Re: [nova] NUMA live migration - mostly how it's tested

4 Mar 2019


      On 2019/3/3 下午9:18, Sean Mooney wrote:
...
On Sat, 2019-03-02 at 04:38 +0000, Zhong, Luyao wrote:
...
...
在 2019年3月1日，下午9:30，Sean Mooney <smooney@redhat.com> 写道：
...
On Fri, 2019-03-01 at 17:30 +0800, Luyao Zhong wrote:
Hi all,
There was something wrong with the live migration when using 'dedicated'
cpu_policy in my test. Attached file contains the details.
The message body will be so big that it will be held if I attach the
debug info, so I will send another email.
looking at your original email  you stated that
# VM server_on_host1 cpu pinning info
  <cputune>
    <shares>4096</shares>
    <vcpupin vcpu='0' cpuset='43'/>
    <vcpupin vcpu='1' cpuset='7'/>
    <vcpupin vcpu='2' cpuset='16'/>
    <vcpupin vcpu='3' cpuset='52'/>
    <emulatorpin cpuset='7,16,43,52'/>
  </cputune>
  <numatune>
    <memory mode='strict' nodeset='0'/>
    <memnode cellid='0' mode='strict' nodeset='0'/>
  </numatune>
# VM server_on_host2 cpu pinning info (before migration)
  <cputune>
    <shares>4096</shares>
    <vcpupin vcpu='0' cpuset='43'/>
    <vcpupin vcpu='1' cpuset='7'/>
    <vcpupin vcpu='2' cpuset='16'/>
    <vcpupin vcpu='3' cpuset='52'/>
    <emulatorpin cpuset='7,16,43,52'/>
  </cputune>
  <numatune>
    <memory mode='strict' nodeset='0'/>
    <memnode cellid='0' mode='strict' nodeset='0'/>
  </numatune>
however looking at the full domain
server_on_host1 was
<cputune>
    <shares>4096</shares>
    <vcpupin vcpu='0' cpuset='43'/>
    <vcpupin vcpu='1' cpuset='7'/>
    <vcpupin vcpu='2' cpuset='16'/>
    <vcpupin vcpu='3' cpuset='52'/>
    <emulatorpin cpuset='7,16,43,52'/>
  </cputune>
but server_on_host2 was
<cputune>
    <shares>4096</shares>
    <vcpupin vcpu='0' cpuset='2'/>
    <vcpupin vcpu='1' cpuset='38'/>
    <vcpupin vcpu='2' cpuset='8'/>
    <vcpupin vcpu='3' cpuset='44'/>
    <emulatorpin cpuset='2,8,38,44'/>
assuming the full xml attached for server_on_host2 is correct
then this shows that the code is working correctly as it nolonger overlaps.
I use virsh dumpxml to get the full xml, and I usually use virsh edit to see the xml, so I didn’t notice this
difference before. When using virsh edit ，I can see the overlaps. I’m not sure why I will get different results
between “virsh edit” and “virsh dumpxml”？
at first i taught that sounded like a libvirt bug however the description of both command differ slightly
dumpxml domain [--inactive] [--security-info] [--update-cpu] [--migratable]
            Output the domain information as an XML dump to stdout, this format can be used by the create command.

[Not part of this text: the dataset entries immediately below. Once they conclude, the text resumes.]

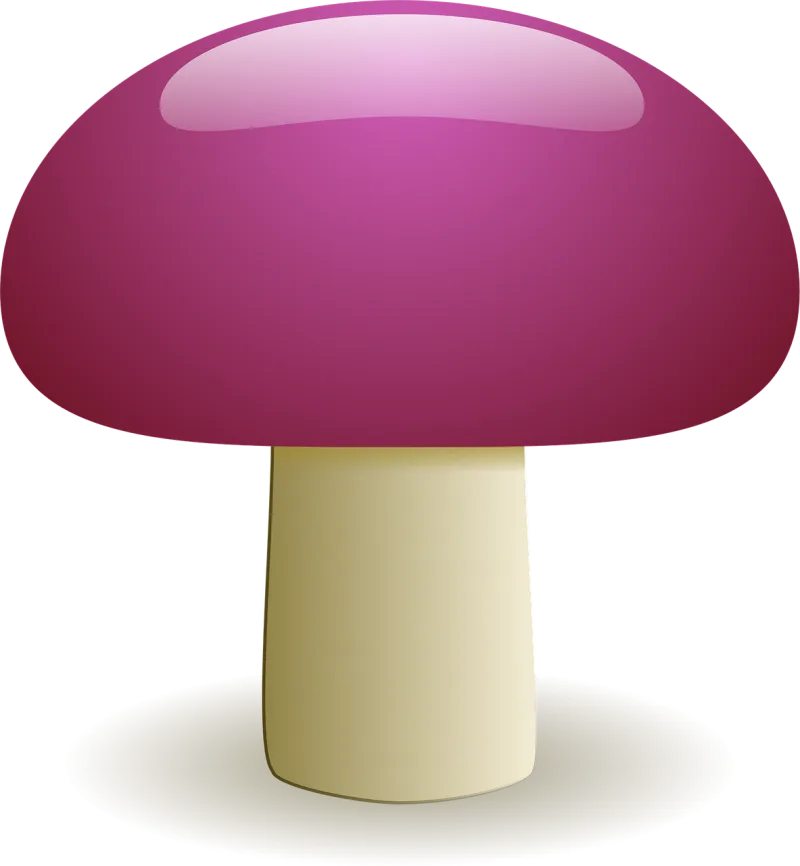 Mushroom Fungus Natural Stickdatei – Natur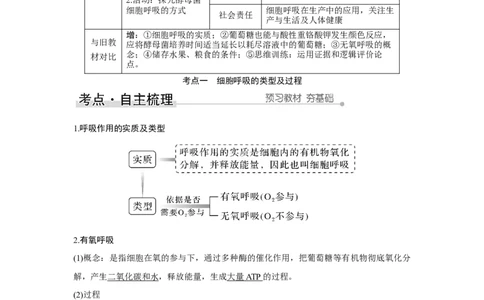 第8讲　细胞呼吸的原理和应用_新高考复习资料_2023年新高考复习资料_一轮复习_2023年新高考大一轮复习讲义_2023年高考生物一轮复习讲义（新人教新高考）_赠补充习题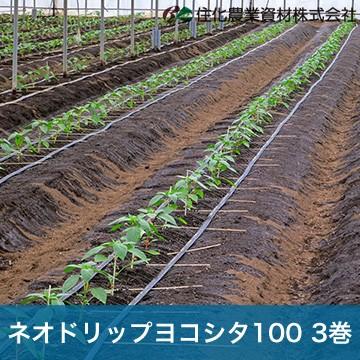 住化農業資材 灌水チューブ ネオドリップヨコシタ100 WB9030 200M×3巻 ハウス向け  潅水 散水 農業用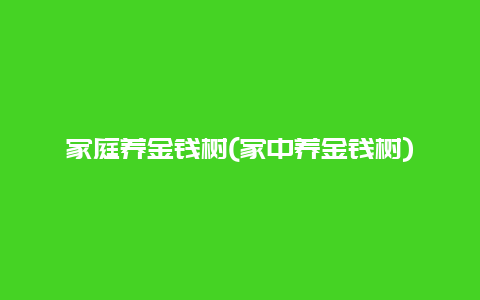 家庭养金钱树(家中养金钱树)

            Additional options affecting the XML dump may be used. --inactive tells
            virsh to dump domain configuration that will be used on next start of the domain as opposed to the current
            domain configuration.  Using --security-info will also include
            security sensitive information in the XML dump. --update-cpu updates domain CPU requirements according to
            host CPU. With --migratable one can request an XML that is suitable
            for migrations, i.e., compatible with older libvirt releases and possibly amended with internal run-time
            options. This option may automatically enable other options
            (--update-cpu, --security-info, ...) as necessary.
edit domain
            Edit the XML configuration file for a domain, which will affect the next boot of the guest.
This is equivalent to:
virsh dumpxml --inactive --security-info domain > domain.xml
             vi domain.xml (or make changes with your other text editor)
             virsh define domain.xml
except that it does some error checking.
The editor used can be supplied by the $VISUAL or $EDITOR environment variables, and defaults to "vi".

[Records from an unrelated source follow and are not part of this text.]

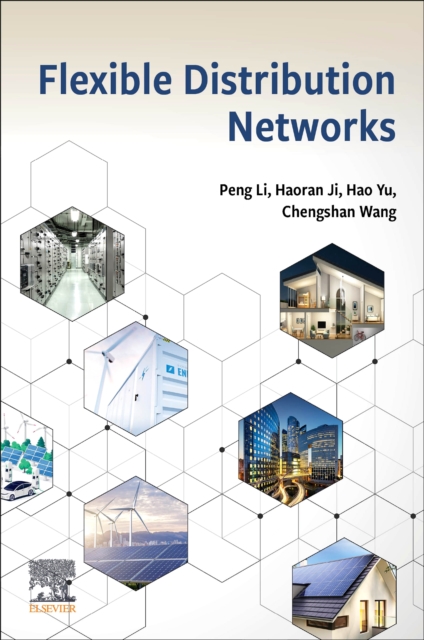 Flexible Distribution Networks, Paperback / softback Book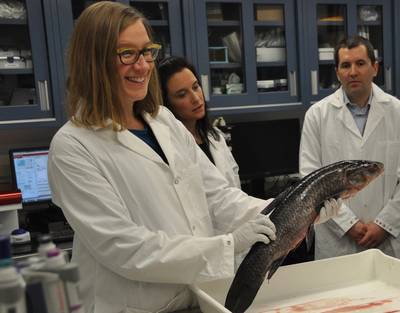 Karina Gould, Ministra de Instituciones Democráticas, en nombre de Dominic LeBlanc, Ministro de Pesca, Océanos y la Guardia Costera de Canadá, anuncia nuevos fondos para la lucha contra las carpas asiáticas. (Foto: Pesca y océanos de Canadá)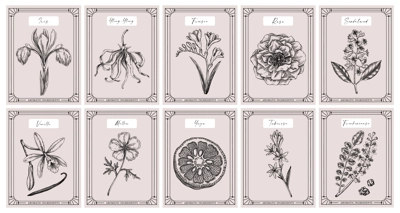 Vector set of botanical perfumery and cosmetic product label templates. Vintage hand-drawn illustration. Vintage style perfume designs. NOT AI generated 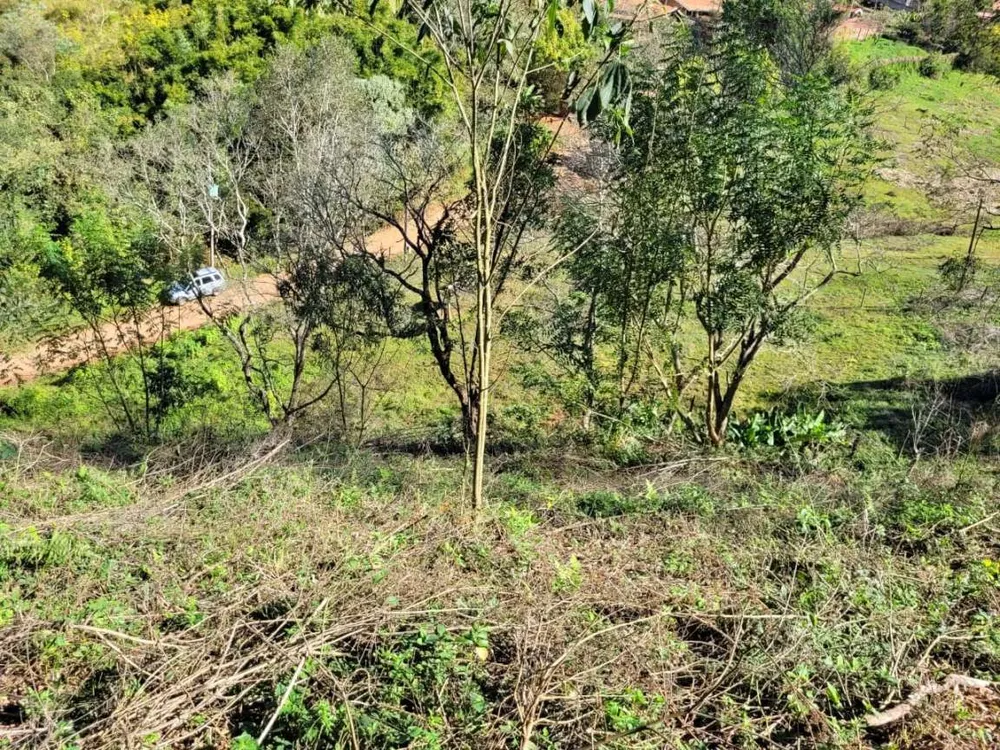 Terreno, 2 hectares - Foto 6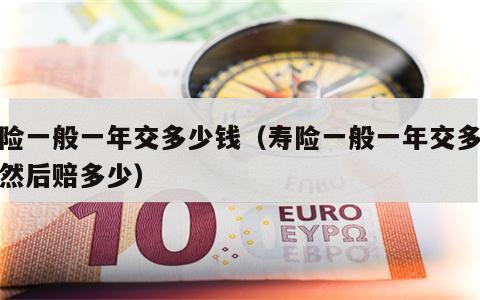 寿险一般一年交多少钱（寿险一般一年交多少钱然后赔多少）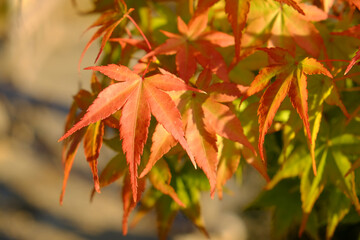 日本楓の葉のクローズアップ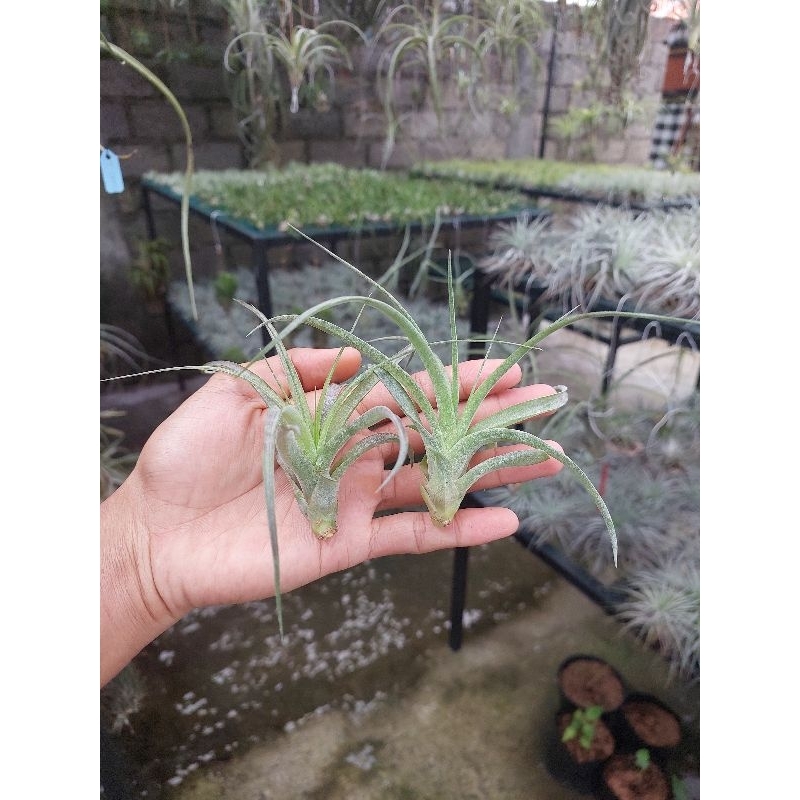 Tillandsia Love Knot size S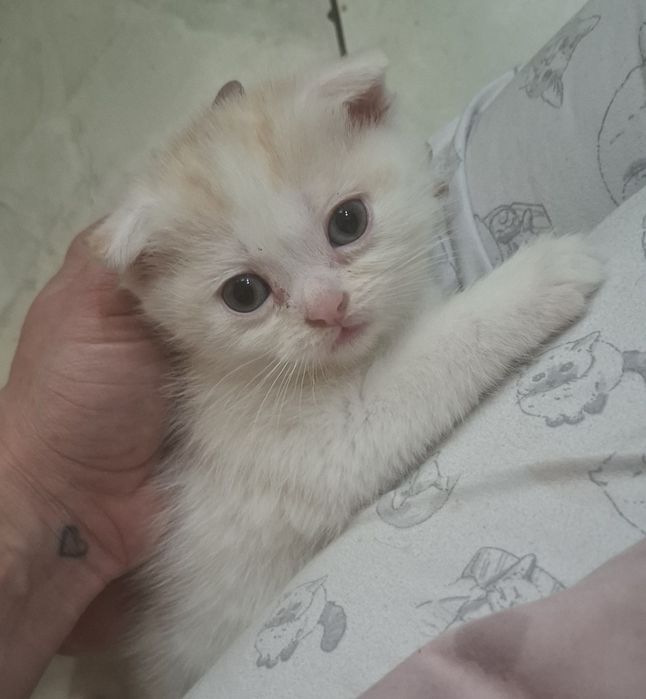 Продаются котята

i think virsh edit is showing you the state the vm will have on next reboot.
which appears to be the original xml not the migration xml that was used to move the instance.

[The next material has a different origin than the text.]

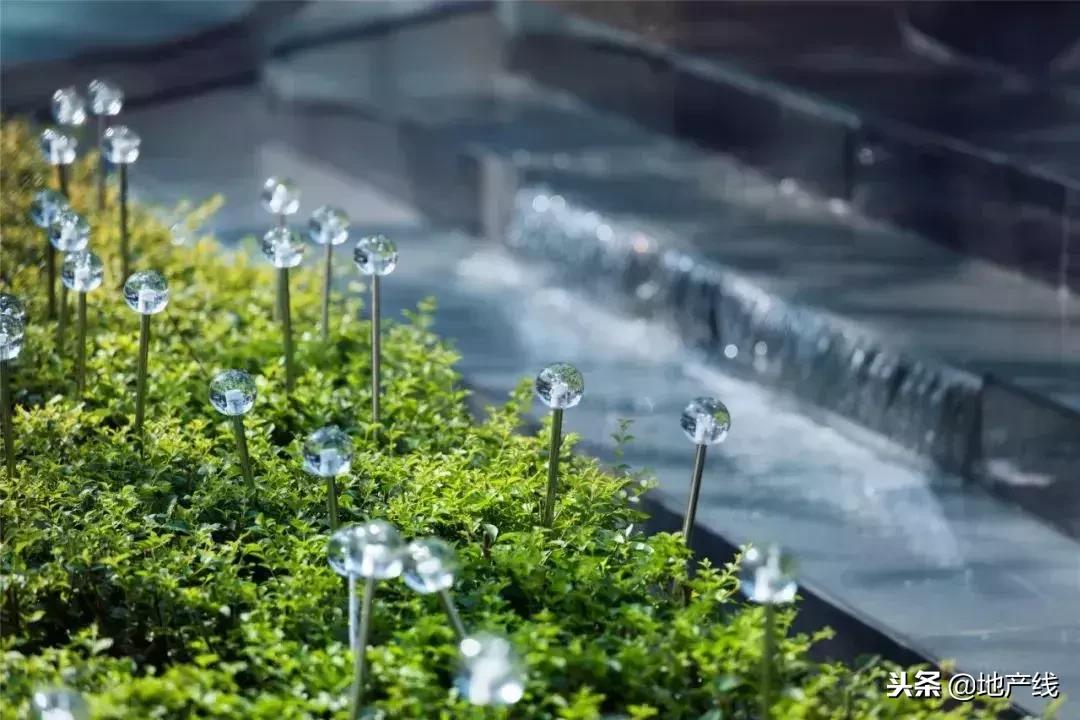 花开成都金堂,花开成都后花园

since openstack destorys the xml and recates it form scratch every time the outpu of virsh edit can be ignored.
virs dumpxml will show the current state of the domain. if you did virsh dumpxml --inactive it would likely match
virsh edit. its possible the modified xml we use when migrating a  domain is is considered transient but that is my best
guess as to why they are different.
for evaulating this we should use the values of virsh dumpxml.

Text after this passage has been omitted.